Chicken and Sausage Stewed Okra
- 3 tablespoons olive oil
- 13 oz smoked turkey sausage
- 1 small yellow onion, chopped
- 1 pound thinly sliced chicken breast
- Pinch of salt
- Pinch of pepper
- 2 garlic cloves, minced
- 1 teaspoon chili powder
- Pinch of cayenne pepper
- 1 teaspoon cumin seeds
- 1 teaspoon turmeric
- 1 1/2 pounds okra, stemmed and sliced 1/2-inch thick
- 5-6 medium tomatoes, coarsely chopped (may substitute with 14.5 oz can stewed tomatoes)
- 1/2 cup water
1. Cut sausage into 1/4 inch slices. Heat 1 tablespoon olive oil in large skillet over medium-high heat. Add sausage and 1/2 chopped onion. Cook, stirring frequently, until sausage is lightly browned (approximately 3-4 minutes). Remove and set aside.
2. Cut chicken into bite-sized pices, then season with salt and pepper. Heat 1 tablespoon of olive oil in large skillet over medium-high heat. Add chicken and saute for about 5 minutes or until done. Remove and set aside.

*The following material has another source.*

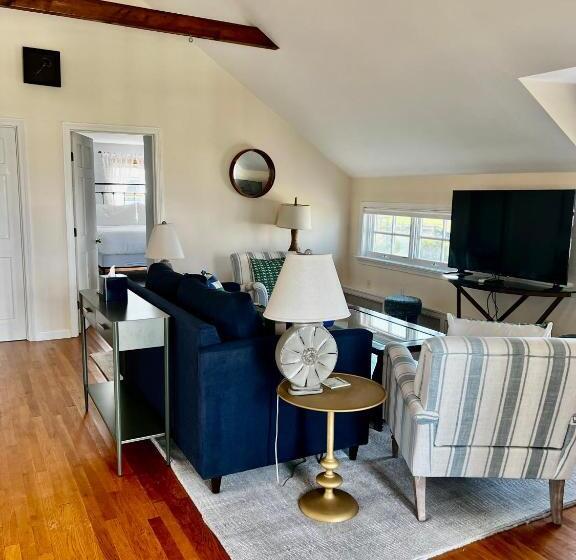 فندق Atlantic Inn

3. Heat 1 tablespoon of olive oil in the skillet. Add the minced garlic and remaining onion and cook over medium heat, stirring occasionally for about 3 minutes. Add the chili powder, cayenne pepper, cumin seeds, and turmeric. Cook, stirring constantly, for about 2 minutes.
4. Add the okra and cook for 2 minutes, tossing. Add the tomatoes and cook for about 1 minute over medium heat. Add the water, cover and cook for about 5 minutes, stirring occasionally. Add the sausage and chicken and let simmer for about 5 minutes.
Serve with steamed brown rice.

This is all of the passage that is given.